Labor strikes caused the whole thing to shut down on September 30, 1946. By Christmas, Selznick had announced the shelving of Little Women, and announced Portrait Of Jennie as Jennifer Jones’ next picture. As if to cinch the deal, he then sold the property to MGM, thus paving the way for Metro’s own remake, which would be released within three years. Judging by the grinding and horrific failure of Portrait Of Jennie (a commercial failure as opposed to an artistic one --- I happen to think it’s great), DOS and Jennifer might have been better off plowing ahead with Little Women.
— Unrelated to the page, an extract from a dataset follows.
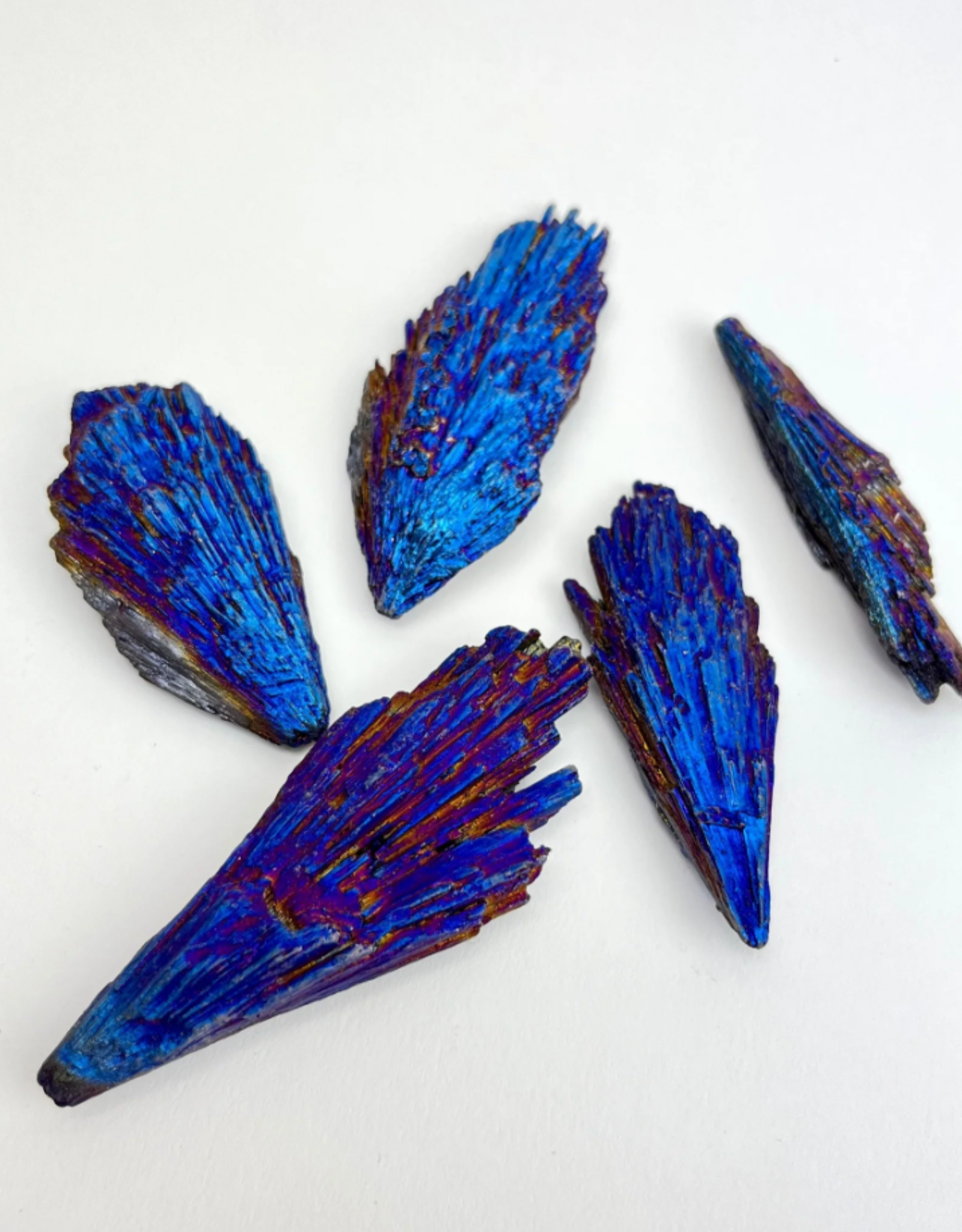 Rainbow Titanium Kyanite Fan | 60-100mm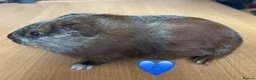 Guinea Pig rodents for sale: Guinea Pigs - Mixed Litter Young Males & Female - Advert 4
These images offer both the Little Women that might have been, and the one that was. First, there’s Jennifer Jones in a costume test still. Selznick spared no expense on preparation, but I guess that goes without saying where this producer is concerned. The blurry group above includes Ann Revere (in the part eventually played by Mary Astor), Diana Lynn, and Bambi Lynn. The last shot from the abandoned Little Women is Shirley Temple in modern dress, but the picture is credited. Until today, I’d not seen this anywhere, but it was apparently part of the Selznick pre-production campaign. An image search for anything on the aborted Little Women came up empty. Guess we’ll have to make do with these, unless readers out there know something. The remaining two stills are the Metro 1949 version. Their casting was more along conventional lines. I saw this once in 16mm. It made Meet Me In St.Louis look like an Italian neo-realist street picture. They must have bought up every box of oatmeal in L.A. to come up with all that patently phony "snow". June Allyson was Jo. She can be hard to take weeping over James Stewart in those Jimmy-gets his-leg-shot-off-or-goes-down-in-a-plane shows, but here she’s in perky mode, and that can be deadly. The blonde wig on Liz Taylor looks like something Jack Benny might have worn in Charley’s Aunt, and Mary Astor does a virtual reprise of her St.Louis matriarch role. Peter Lawford stops by long enough to remind us all of why he never became big-league leading man material. This was C.Aubrey Smith’s final film. I understand they celebrated his 127th birthday on the set. For your pleasure, we submit this rather alarming candid of a seemingly mummified Sir Aubrey between takes on Little Women (at least we think that's him!). There’s a DVD available from Warners. Maybe I should give it another chance. By all means, feel free to chastise me for my sarcasm toward this picture. For all I know, it may be someone's all-time favorite.